▶ _DATA BELOW_:
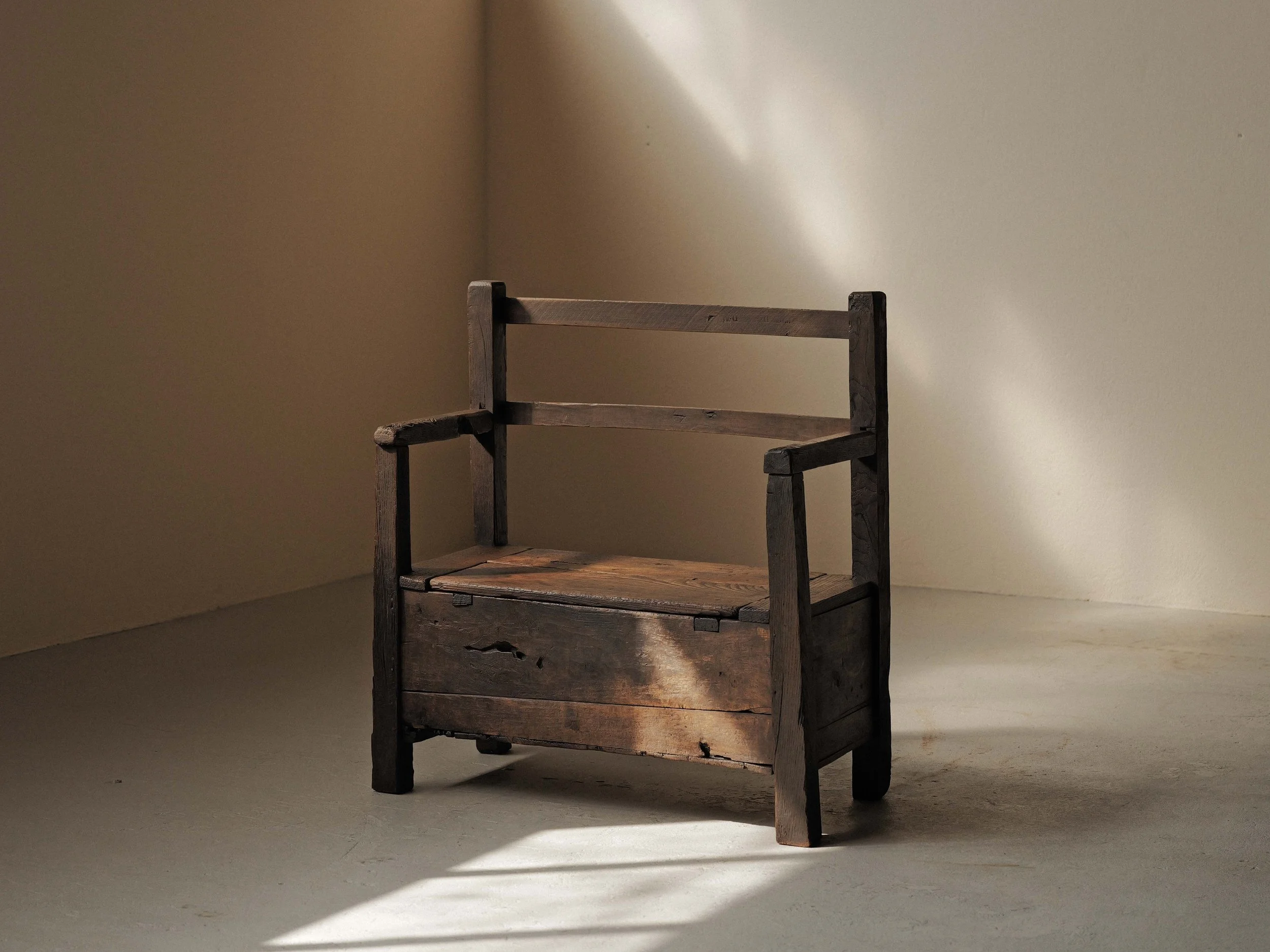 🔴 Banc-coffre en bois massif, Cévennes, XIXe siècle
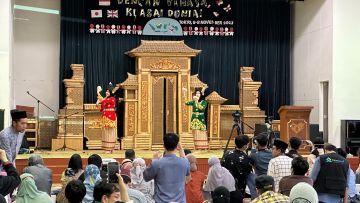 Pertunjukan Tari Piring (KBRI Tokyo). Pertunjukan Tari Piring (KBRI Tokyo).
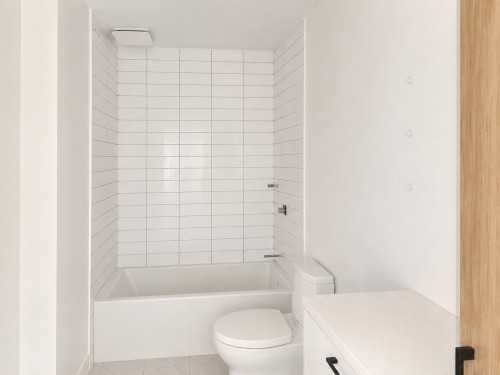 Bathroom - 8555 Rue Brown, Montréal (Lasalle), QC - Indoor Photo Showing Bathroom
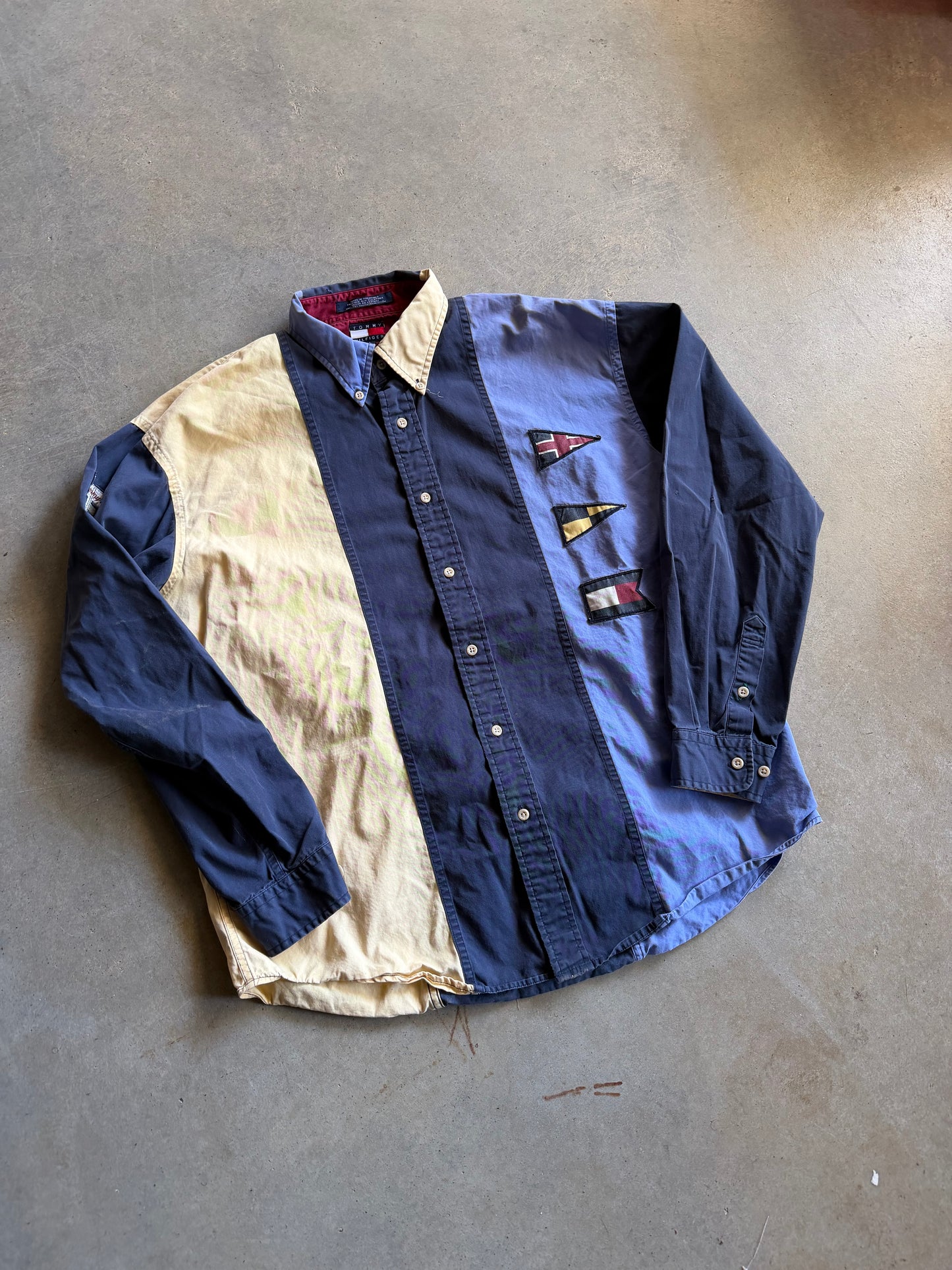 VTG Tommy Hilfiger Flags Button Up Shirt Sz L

▶ _TASK PROMPT_: Could you output the listing word for word, omitting every picture?

▶ _THE COMPLETED TASK_:
 🔴 Banc-coffre en bois massif, Cévennes, XIXe siècle
 Pertunjukan Tari Piring (KBRI Tokyo). Pertunjukan Tari Piring (KBRI Tokyo).
 Bathroom - 8555 Rue Brown, Montréal (Lasalle), QC - Indoor Photo Showing Bathroom
 VTG Tommy Hilfiger Flags Button Up Shirt Sz L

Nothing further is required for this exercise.